+++ Dataset section

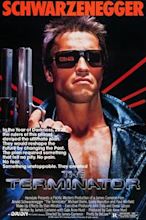 The Terminator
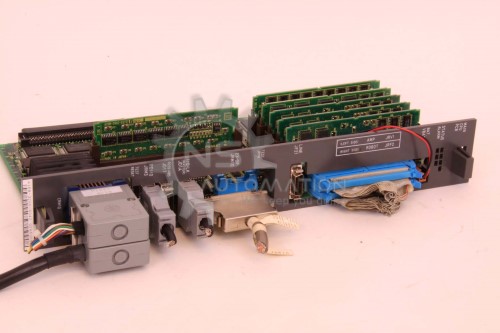 A16B-3200-0042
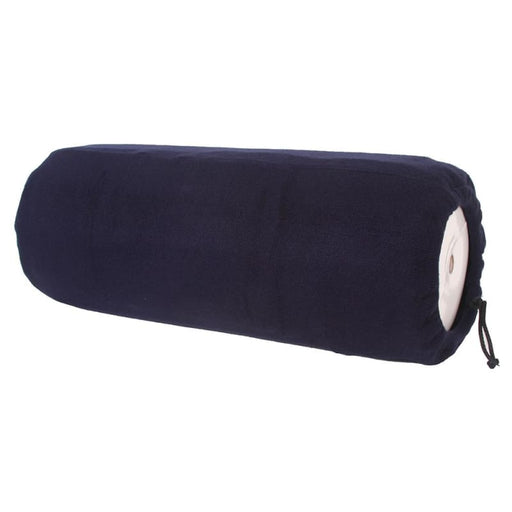Master Fender Covers HTM-4 - 12 x 34 - Double Layer - Navy [MFC-4ND] Anchoring & Docking, Anchoring & Docking | Fender Covers, Brand_Master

++++++

» **Task instructions**
Reproduce the data word for word without its images.

» **Answer section**
 The Terminator
 A16B-3200-0042
Master Fender Covers HTM-4 - 12 x 34 - Double Layer - Navy [MFC-4ND] Anchoring & Docking, Anchoring & Docking | Fender Covers, Brand_Master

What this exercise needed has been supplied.